> _ACTIVITY_: Please repeat exactly the lines from the one containing "Angle of Ruby" through the last line of the records below, leaving out any pictures.

________________________

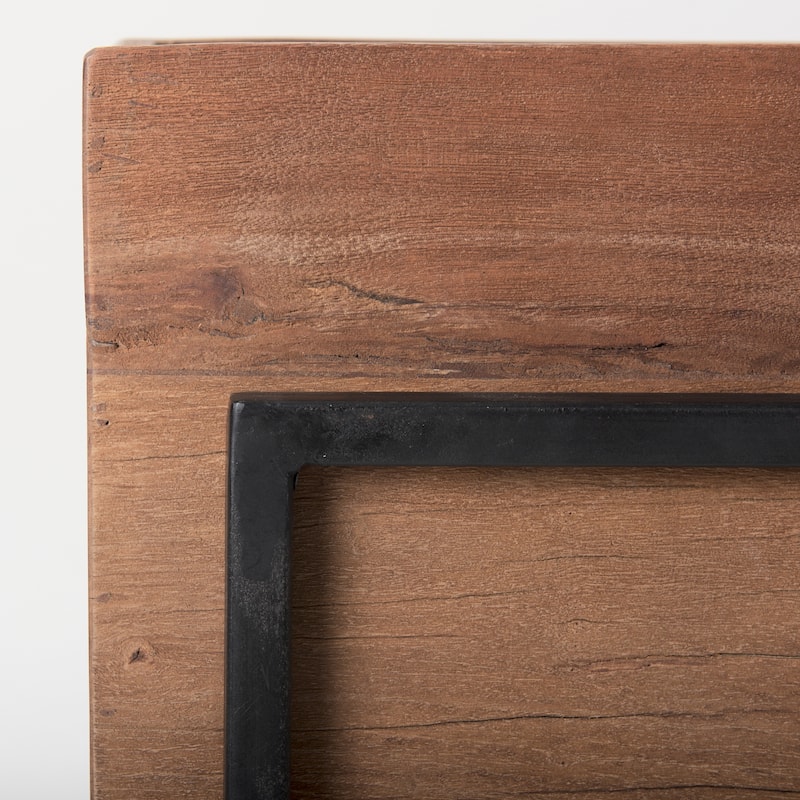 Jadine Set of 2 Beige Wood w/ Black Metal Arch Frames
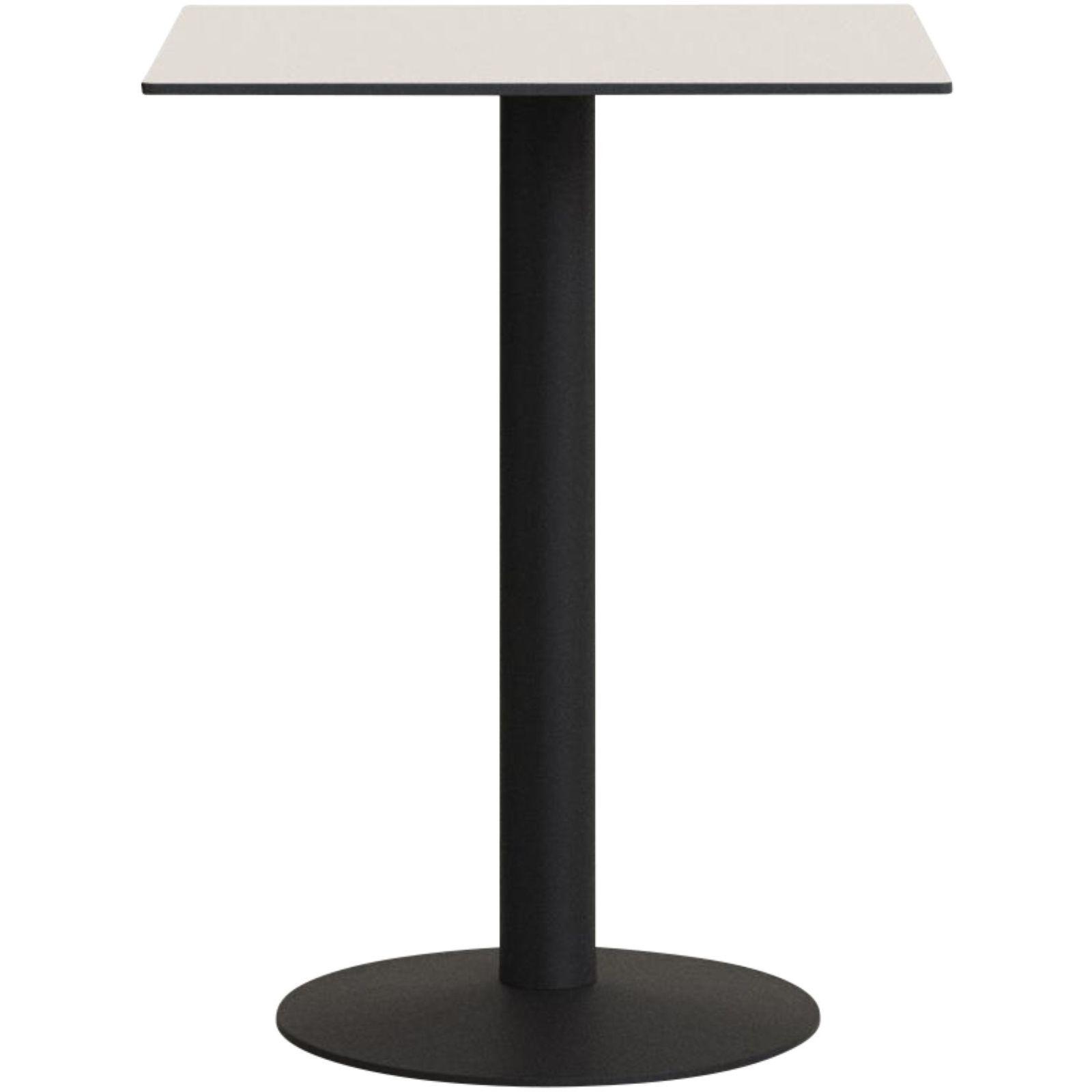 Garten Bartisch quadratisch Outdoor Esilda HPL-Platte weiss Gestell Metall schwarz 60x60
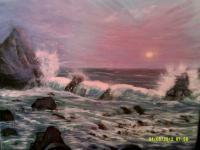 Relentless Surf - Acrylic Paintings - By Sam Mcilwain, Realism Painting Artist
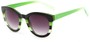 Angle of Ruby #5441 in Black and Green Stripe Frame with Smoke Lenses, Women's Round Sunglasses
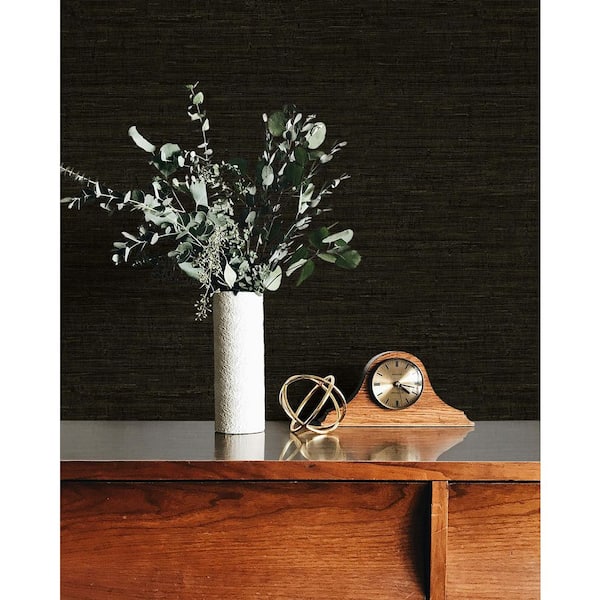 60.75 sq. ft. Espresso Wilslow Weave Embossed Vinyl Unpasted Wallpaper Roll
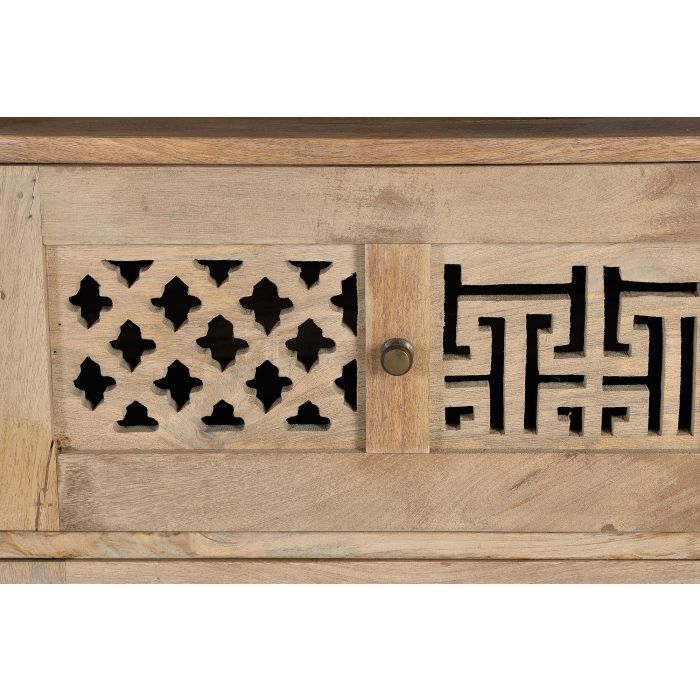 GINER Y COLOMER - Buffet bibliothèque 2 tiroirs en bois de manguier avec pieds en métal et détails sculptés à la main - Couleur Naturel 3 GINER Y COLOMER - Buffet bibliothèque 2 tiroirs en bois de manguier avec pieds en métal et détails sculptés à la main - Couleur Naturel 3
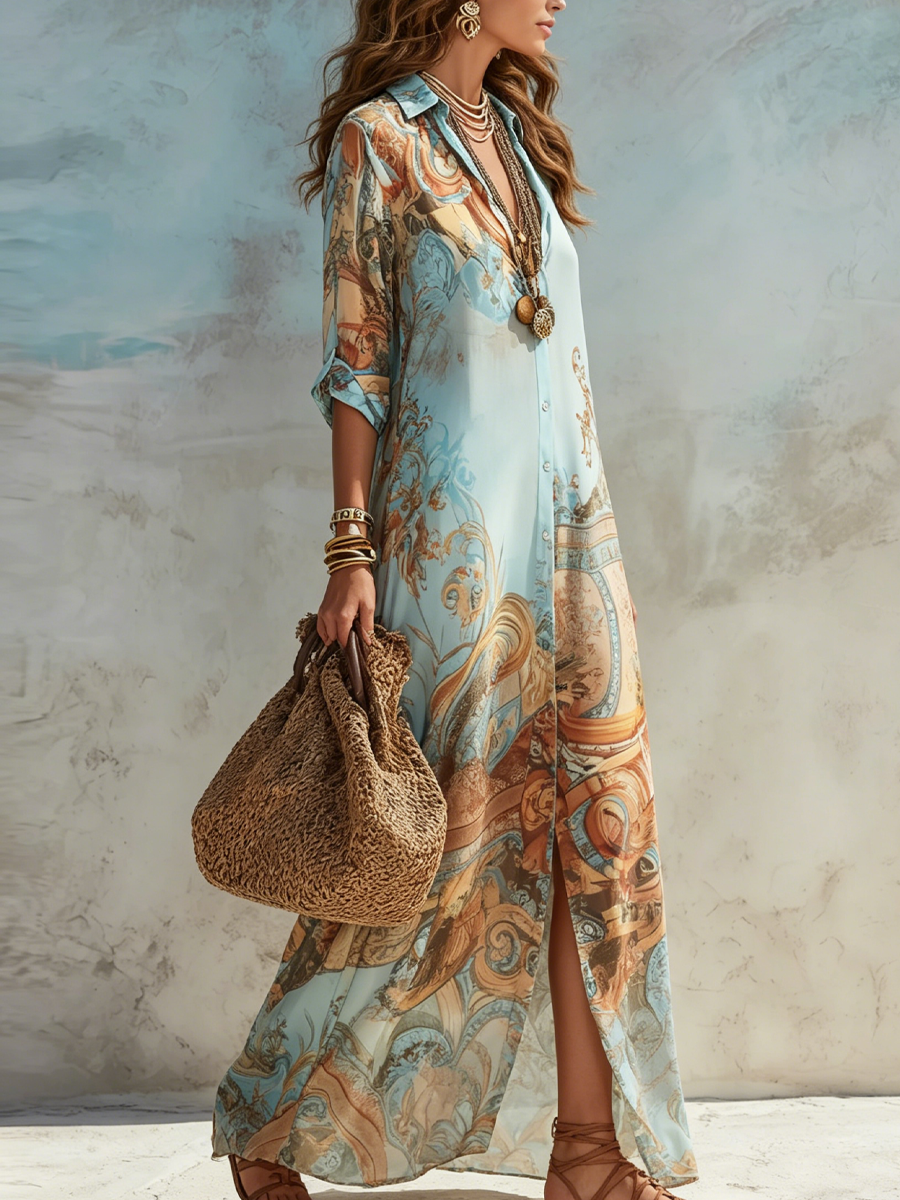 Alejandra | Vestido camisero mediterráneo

________________________

> _PROBLEM SOLUTION_:
 Angle of Ruby #5441 in Black and Green Stripe Frame with Smoke Lenses, Women's Round Sunglasses
 60.75 sq. ft. Espresso Wilslow Weave Embossed Vinyl Unpasted Wallpaper Roll
 GINER Y COLOMER - Buffet bibliothèque 2 tiroirs en bois de manguier avec pieds en métal et détails sculptés à la main - Couleur Naturel 3 GINER Y COLOMER - Buffet bibliothèque 2 tiroirs en bois de manguier avec pieds en métal et détails sculptés à la main - Couleur Naturel 3
 Alejandra | Vestido camisero mediterráneo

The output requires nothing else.